However, the AI Liability Act is unclear on it the relationship between the notions of ‘fault' and ‘duty of care', especially in Article 4 that makes a distinction based on the qualification of the defendant. We may reasonably assume that the requirements of the AI Act for a provider of high-risk AI systems, person subject to the latter's obligations or a user shall be interpreted as obligations of means. In this case, a specific duty of care following these provisions would first have to be determined followed by an evaluation whether it has been breached.

In addition to the general right for the defendant to rebut the presumption of causality, the applicability of the presumption of causality hinges upon the risk level of the AI system. Where the defendant demonstrates that sufficient evidence and expertise is reasonably accessible – through logging requirements and documents – for the claimant to prove the causal link, the presumption of causality for high-risk AI systems is not applicable. Of course, national courts would have to determine what constitutes reasonable access for the claimant. A case is currently pending before the CJEU (C-579/21) to determine whether log data constitute personal data and whether data subjects have a right of access to log data kept by the controller. If answered affirmative, this would imply that the right of access under Art. 15 GDPR would first have to be exercised by the (potential) claimant to enjoy the presumption of causality.

In the context of low-risk AI systems, the presumption of causality only applies where the national court considers it excessively difficult for the claimant to prove the causal link.

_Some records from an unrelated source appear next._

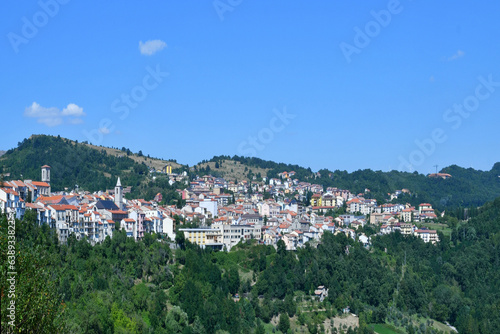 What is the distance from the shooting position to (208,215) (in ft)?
191

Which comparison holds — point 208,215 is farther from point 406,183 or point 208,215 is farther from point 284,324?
point 406,183

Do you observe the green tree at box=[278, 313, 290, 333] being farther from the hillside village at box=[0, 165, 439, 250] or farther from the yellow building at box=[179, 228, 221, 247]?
the hillside village at box=[0, 165, 439, 250]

The claimant should neither be required to explain the characteristics of the AI system concerned, such as the autonomy and opacity of (black box) algorithms, nor how these characteristics make it harder to establish the causal link. Both the exception and limitation to the presumption of causality should encourage defendants to fight black-box algorithms by complying with their documenting and recording requirements set out in the AI Act.

Safeguards and remaining challenges

To avoid installing a claims culture and maintain a balance between the involved parties, the AI Liability Directive contains several mitigating safeguards. A court will only order the disclosure of evidence if a potential claimant has asked a provider, a person subject to the latter's obligations or a user to disclose relevant evidence at its disposal about a specific high-risk AI system that is suspected of having caused damage. The potential claimant can only benefit from the disclosure of evidence when the request has been refused. Moreover, the potential claimant's request should be supported by facts and evidence sufficient to establish the plausibility of the contemplated claim for damages.

A claimant, by contrast, should first have undertaken all proportionate attempts to gather the relevant evidence from the defendant. The disclosure and preservation of evidence is also limited to that which is necessary and proportionate to support a (potential) claim for damages. This aims to ensure proportionality and prevent blanket requests. In addition, it emphasises the protection of trade secrets and other confidential information, and requires procedural remedies to be in place for such orders. For example, the disclosure of information relating to an AI system that wrongfully concluded to a health assessment should consider doctor-patient relationships and confidentiality.

Some challenges still remain, most notably regarding the unclarity of terms, the scope of application and the liable parties, affecting legal certainty and causing fragmentation. While the CJEU should aid national courts in interpreting these concepts, the AI Liability Directive should take a clear stance on its relationship with the newly Revised PLD. For example, whereas both a provider and a manufacturer develop the AI system and eventually place it on the market or in service, it is unclear what the difference (under the Revised PLD) is. It is regrettable that the EU Commission has not yet explicitly taken a stance on the inclusion of the ‘(back- and front-end) operators' which are one of the most important actors in the AI supply chain and perform similar functions to manufacturers and providers.

The Revised PLD

 

The Revised PLD aims to address some of the implementation challenges that have been raised by new technologies and the increased role that software plays in products and services. The proposal lays down common rules on the liability of economic operators for damage suffered by natural persons caused by defective products. The broadened scope and legal presumptions offered to victims of a defective product counteracts the difficulties in proving the product's defectiveness and causal link.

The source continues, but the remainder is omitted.